Swiss trading house Trafigura has merged its global fuel oil and gasoil trading desks ahead of new shipping fuel regulations starting in 2020 set by the United Nations’ shipping agency, three trade sources said.
The merger is “a prudent step to structure ourselves for future market conditions including in preparation for the upcoming IMO 2020 changes amongst others to ensure better integration across the bunkering space,” said one of the sources with direct knowledge of the matter.
The source declined to be identified due to their company policy.
From 2020, the International Maritime Organization (IMO) rules will ban ships from using marine fuels, also known as bunkers, with a sulphur content above 0.5 percent, compared with 3.5 percent now, unless they are equipped with so-called scrubbers to clean up sulphur emissions.
Joshua Grizzle heads the new global team, while Seetal Patel has taken a new senior role within the oil and oil products trading division, the source said.
Trafigura’s trading desk merger mirrors a similar move by oil-giant BP, which combined its fuel oil and middle distillates desks about four months ago.

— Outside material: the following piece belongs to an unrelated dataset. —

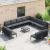 Set de canapele pentru grădină cu pernă 12 pcs Negru Oțel GartenMobel Dekor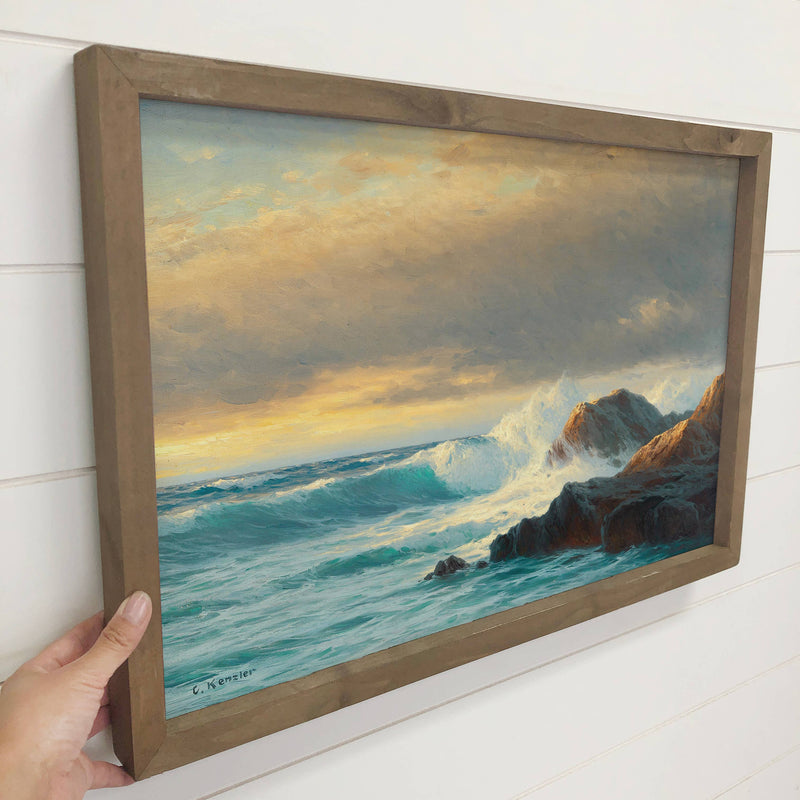 Breakers on the Coast - Beach House Canvas Art - Wood Framed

“Whatever we do in BP is to anticipate market changes, and to ensure we can run our business in the most efficient way, we can supply our customers, meet demand in the market,” Janet Kong, chief executive of Integrated Supply and Trading (IST) Eastern Hemisphere at BP in response to questions about BP’s trading desk merger.
The trade sources said similar trading desk mergers at other trading houses and major oil companies could be expected in the run up to the 2020 marine fuel sulphur cap.
The upcoming changes to marine fuel specifications have rocked the global shipping, bunkering, oil refining and storage industries since the 2020 deadline was set almost two years ago.
The global shipping industry burned a total of 3.3 million barrels per day (bpd) of high-sulphur fuel oil (HSFO) in 2017, according to Goldman Sachs.
By 2020, scrubber installations will reduce demand for HSFO to 1 million bpd by 2020 and 1.4 million bpd by 2025, according to the bank.
The remaining gap in global shipping fuel demand from 2020 is expected to be filled by costlier low-sulphur fuels such as marine gasoil or ultra-low-sulphur fuel oil.